B) $\ \vec{b}\cdot \big(\vec{a}\times \vec{b}\big):$
We have $\begin{aligned} \vec { a } \times \vec { b } =\begin{bmatrix} i & j & k \\ -1\quad & 2\quad & 2\quad \\ 0 & 3 & 4 \end{bmatrix} =(2,4,-3) \implies \vec { b } \cdot \big(\vec { a } \times \vec { b } \big) =0(2)+3(4)+4(-3) =0. \end{aligned}$

C) $\ \vec{a}\times \big(\vec{b}\times \vec{c}\big)=(\vec{a}\cdot \vec{c})\vec{b}-\big(\vec{a}\cdot \vec{b}\big)\vec{c}:$
We have $\vec{a}\times \big(\vec{b}\times \vec{c}\big)=(-14,13,-20)$ , which will be left for the readers to show how.

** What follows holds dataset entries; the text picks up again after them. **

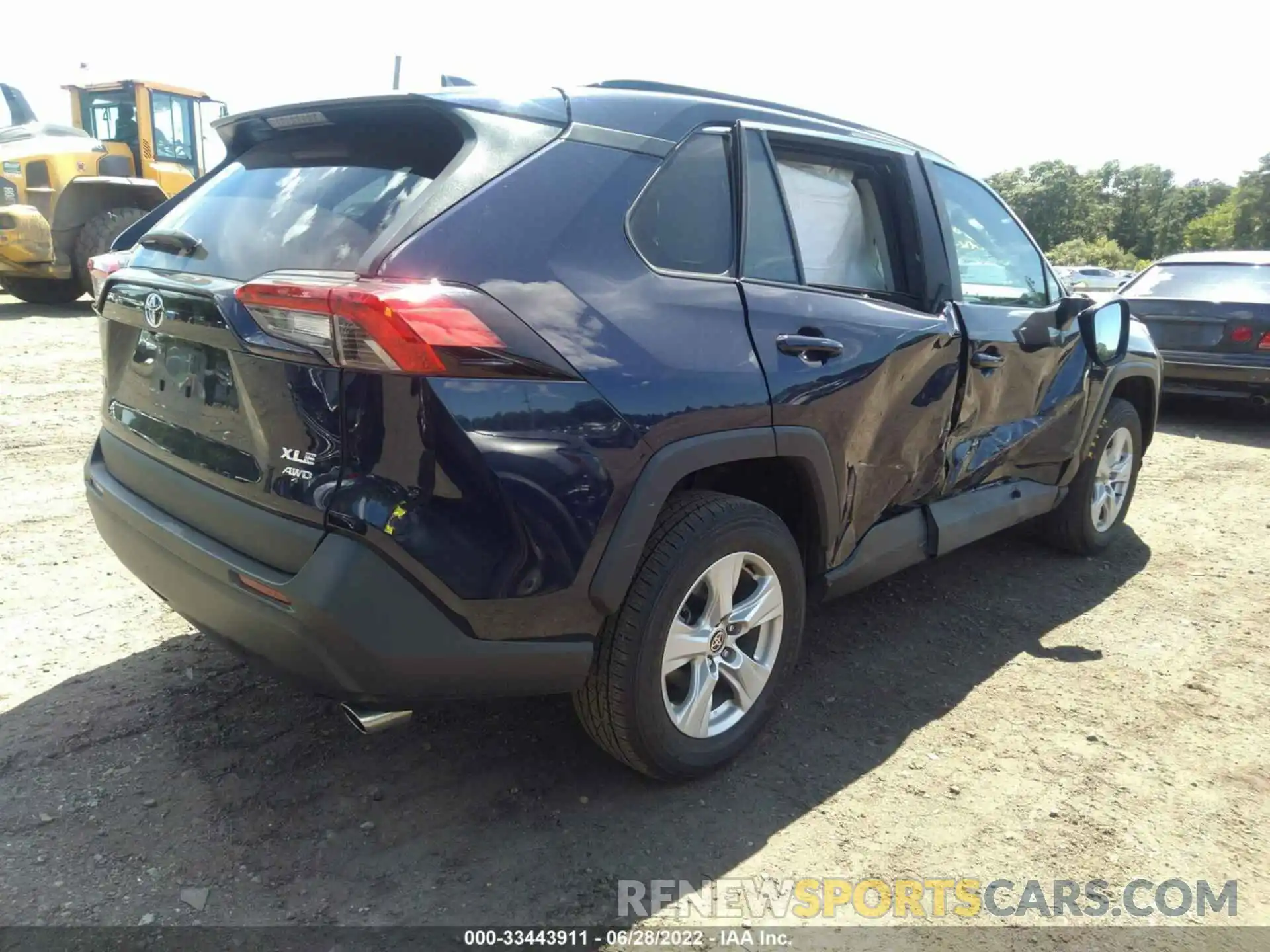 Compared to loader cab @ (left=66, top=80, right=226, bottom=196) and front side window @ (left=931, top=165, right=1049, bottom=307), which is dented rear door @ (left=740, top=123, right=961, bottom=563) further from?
loader cab @ (left=66, top=80, right=226, bottom=196)

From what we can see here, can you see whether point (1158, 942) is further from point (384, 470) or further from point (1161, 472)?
point (1161, 472)

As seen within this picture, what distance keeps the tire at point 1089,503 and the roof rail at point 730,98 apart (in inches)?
80.5

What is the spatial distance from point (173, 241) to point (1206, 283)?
896 centimetres

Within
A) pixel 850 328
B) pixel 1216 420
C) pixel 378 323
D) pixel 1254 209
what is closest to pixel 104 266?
pixel 378 323

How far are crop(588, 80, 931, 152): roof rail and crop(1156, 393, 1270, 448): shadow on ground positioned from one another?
622 centimetres

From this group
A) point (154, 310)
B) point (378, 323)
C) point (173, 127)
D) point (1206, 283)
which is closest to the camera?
point (378, 323)

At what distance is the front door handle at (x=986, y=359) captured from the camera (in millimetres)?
3525

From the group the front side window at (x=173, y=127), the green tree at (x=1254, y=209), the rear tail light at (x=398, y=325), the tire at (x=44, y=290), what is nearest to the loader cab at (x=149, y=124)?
the front side window at (x=173, y=127)

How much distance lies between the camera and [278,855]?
2361 millimetres

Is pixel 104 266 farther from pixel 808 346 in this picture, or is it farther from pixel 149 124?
pixel 149 124

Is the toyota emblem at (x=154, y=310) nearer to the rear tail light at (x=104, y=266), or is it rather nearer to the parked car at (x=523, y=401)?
the parked car at (x=523, y=401)

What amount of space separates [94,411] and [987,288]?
19.3 feet

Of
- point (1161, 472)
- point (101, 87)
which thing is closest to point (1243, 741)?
point (1161, 472)

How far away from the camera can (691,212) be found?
2604 mm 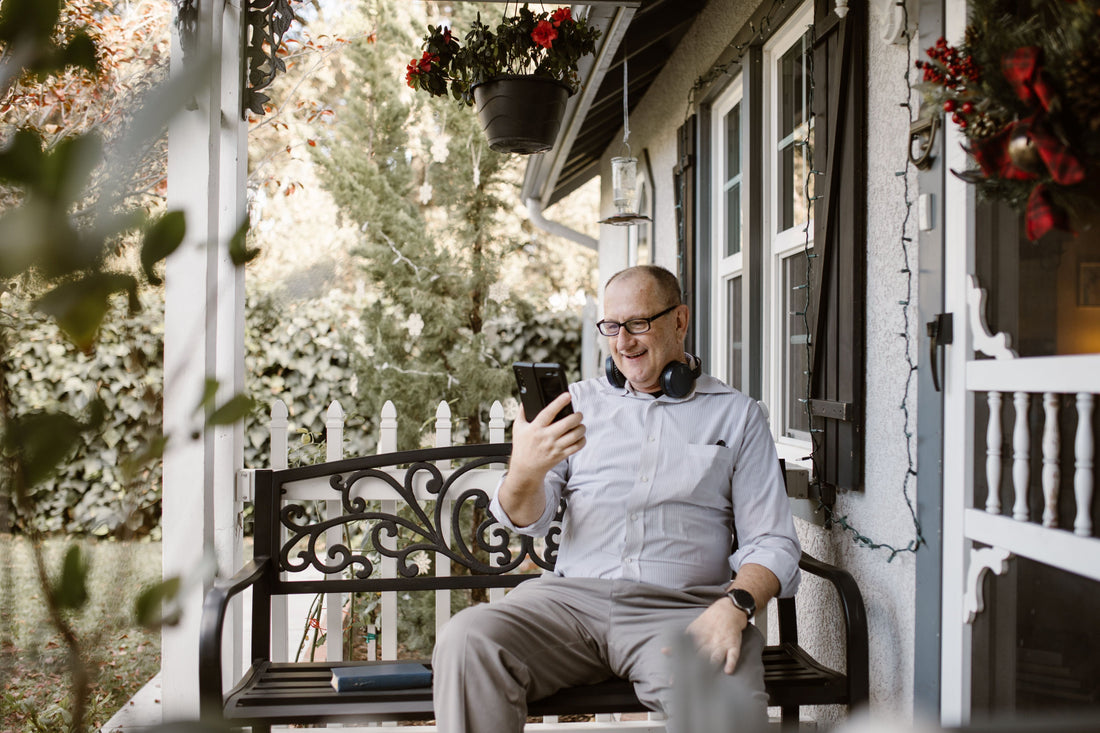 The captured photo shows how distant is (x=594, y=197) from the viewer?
15.5 metres

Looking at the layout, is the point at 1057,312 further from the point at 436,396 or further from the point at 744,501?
the point at 436,396

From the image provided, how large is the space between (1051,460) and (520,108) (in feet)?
6.99

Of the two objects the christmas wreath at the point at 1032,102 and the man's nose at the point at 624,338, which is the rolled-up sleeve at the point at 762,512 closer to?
the man's nose at the point at 624,338

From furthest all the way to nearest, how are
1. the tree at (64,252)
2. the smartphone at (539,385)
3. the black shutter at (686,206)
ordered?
the black shutter at (686,206)
the smartphone at (539,385)
the tree at (64,252)

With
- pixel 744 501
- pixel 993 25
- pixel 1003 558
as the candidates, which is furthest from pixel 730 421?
pixel 993 25

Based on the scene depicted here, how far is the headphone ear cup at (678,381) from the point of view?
93.1 inches

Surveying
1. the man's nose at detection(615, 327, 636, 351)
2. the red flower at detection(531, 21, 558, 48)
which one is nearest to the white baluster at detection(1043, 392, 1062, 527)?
the man's nose at detection(615, 327, 636, 351)

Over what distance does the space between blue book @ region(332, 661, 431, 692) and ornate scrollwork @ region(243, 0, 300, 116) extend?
1659 mm

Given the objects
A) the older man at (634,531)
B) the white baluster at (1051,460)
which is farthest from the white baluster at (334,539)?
the white baluster at (1051,460)

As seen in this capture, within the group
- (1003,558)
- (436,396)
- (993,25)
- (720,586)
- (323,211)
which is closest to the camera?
(993,25)

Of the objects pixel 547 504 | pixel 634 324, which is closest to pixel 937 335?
pixel 634 324

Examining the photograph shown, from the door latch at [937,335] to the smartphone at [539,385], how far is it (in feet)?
2.60

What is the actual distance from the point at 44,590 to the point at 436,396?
18.9 ft

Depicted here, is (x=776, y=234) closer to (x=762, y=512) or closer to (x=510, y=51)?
(x=510, y=51) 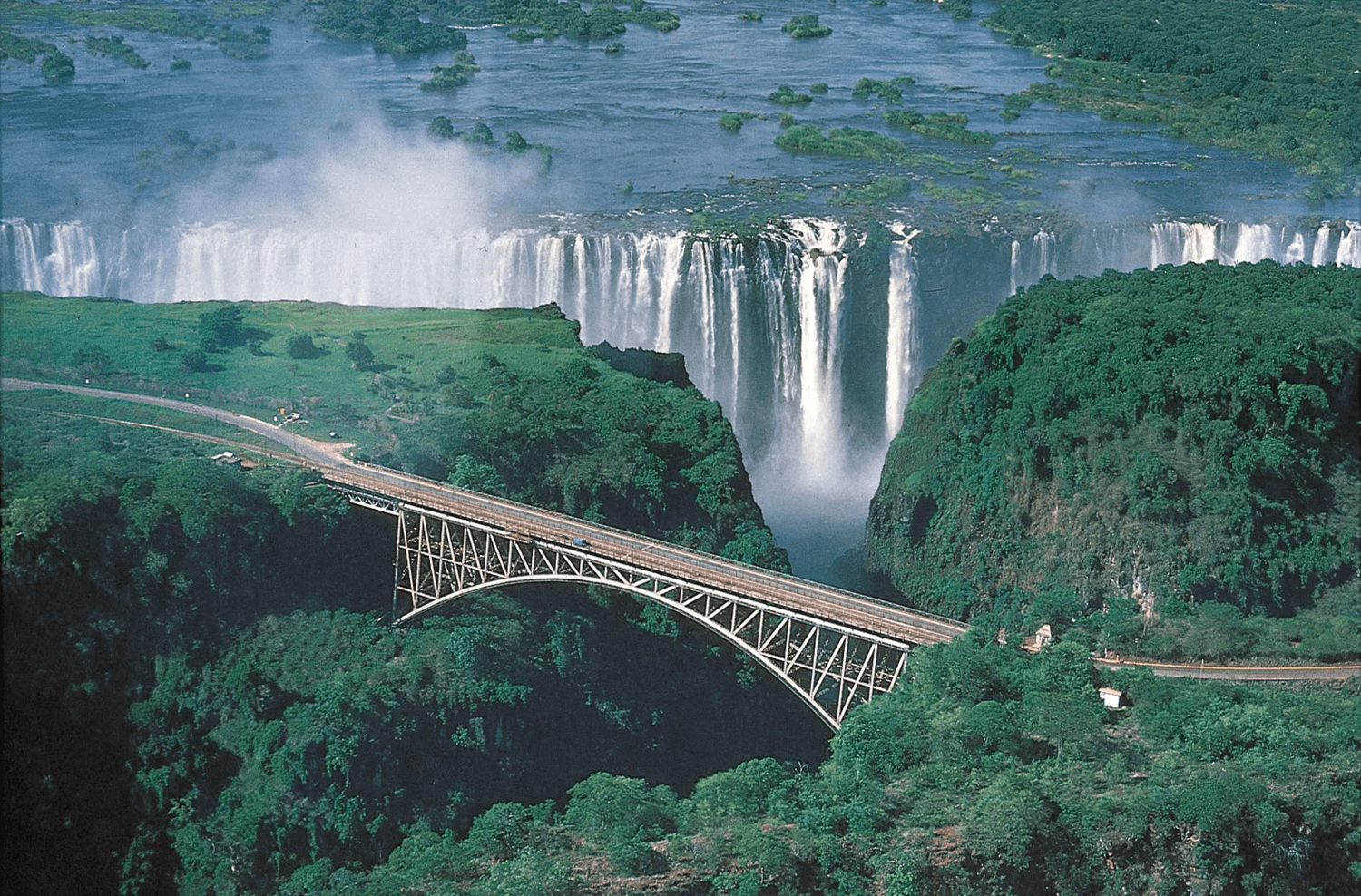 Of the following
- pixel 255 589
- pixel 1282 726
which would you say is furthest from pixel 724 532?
pixel 1282 726

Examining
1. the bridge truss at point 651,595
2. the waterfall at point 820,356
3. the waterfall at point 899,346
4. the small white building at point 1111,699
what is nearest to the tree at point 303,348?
the bridge truss at point 651,595

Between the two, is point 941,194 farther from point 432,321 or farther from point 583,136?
point 432,321

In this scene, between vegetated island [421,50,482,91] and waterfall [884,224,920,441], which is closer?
waterfall [884,224,920,441]

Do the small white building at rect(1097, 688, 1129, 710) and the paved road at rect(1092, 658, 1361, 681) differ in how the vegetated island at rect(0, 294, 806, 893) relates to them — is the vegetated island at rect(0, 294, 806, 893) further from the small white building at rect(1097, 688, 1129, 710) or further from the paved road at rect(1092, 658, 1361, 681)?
the small white building at rect(1097, 688, 1129, 710)

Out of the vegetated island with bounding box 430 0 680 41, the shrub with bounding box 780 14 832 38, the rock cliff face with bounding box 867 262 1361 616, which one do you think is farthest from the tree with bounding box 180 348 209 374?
the shrub with bounding box 780 14 832 38

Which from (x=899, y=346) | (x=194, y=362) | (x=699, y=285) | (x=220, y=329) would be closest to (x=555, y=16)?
(x=699, y=285)

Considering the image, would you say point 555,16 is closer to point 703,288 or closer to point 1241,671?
point 703,288
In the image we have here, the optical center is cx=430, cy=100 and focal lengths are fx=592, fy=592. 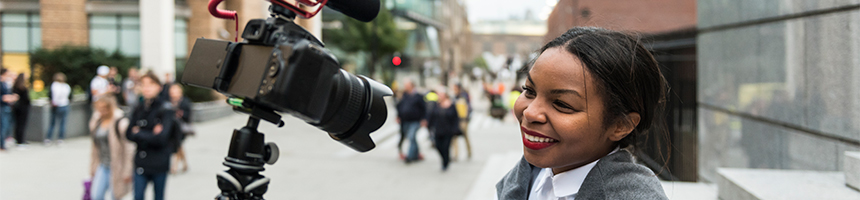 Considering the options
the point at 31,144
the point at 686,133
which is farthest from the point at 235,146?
the point at 31,144

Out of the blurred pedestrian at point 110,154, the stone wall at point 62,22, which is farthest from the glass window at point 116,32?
the blurred pedestrian at point 110,154

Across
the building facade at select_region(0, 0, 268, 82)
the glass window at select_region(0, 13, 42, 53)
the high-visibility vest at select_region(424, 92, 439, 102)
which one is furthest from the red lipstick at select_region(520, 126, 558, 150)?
the glass window at select_region(0, 13, 42, 53)

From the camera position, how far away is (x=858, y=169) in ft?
10.1

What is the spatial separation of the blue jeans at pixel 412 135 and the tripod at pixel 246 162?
919 centimetres

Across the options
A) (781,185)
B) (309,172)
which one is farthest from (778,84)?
(309,172)

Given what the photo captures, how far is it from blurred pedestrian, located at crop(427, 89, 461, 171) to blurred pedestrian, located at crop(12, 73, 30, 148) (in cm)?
786

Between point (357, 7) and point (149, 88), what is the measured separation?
15.0 feet

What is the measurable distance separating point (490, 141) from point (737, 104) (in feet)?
31.5

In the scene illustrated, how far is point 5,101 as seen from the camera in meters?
11.1

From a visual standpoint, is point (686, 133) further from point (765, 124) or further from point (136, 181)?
point (136, 181)

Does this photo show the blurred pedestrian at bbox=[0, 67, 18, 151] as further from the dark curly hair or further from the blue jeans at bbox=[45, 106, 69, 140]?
the dark curly hair

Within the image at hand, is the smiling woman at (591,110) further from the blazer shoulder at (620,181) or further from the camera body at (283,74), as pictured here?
the camera body at (283,74)

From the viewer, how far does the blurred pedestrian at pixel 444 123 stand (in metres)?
10.1

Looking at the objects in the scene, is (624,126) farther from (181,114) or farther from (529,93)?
(181,114) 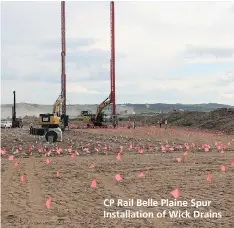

Then \[\begin{align} \vec { a } \cdot \vec { c } &=-1(1)+2(-2)+2(0)\\ &=-5\\
\vec { a } \cdot \vec { b } &=-1(0)+2(3)+2(4)\\ &=14\\ \vec { a } \times \big(\vec { b } \times \vec { c } \big) &=(\vec { a } \cdot \vec { c } )\vec { b } -\big(\vec { a } \cdot \vec { b } \big)\vec { c } \\ \Rightarrow (-14,13,-20) &=-5(0,3,4)-14(1,-2,0)\\ &=(0,15,-20)-(14,-28,0)\\ &=(-14,13,-20). \end{align}\]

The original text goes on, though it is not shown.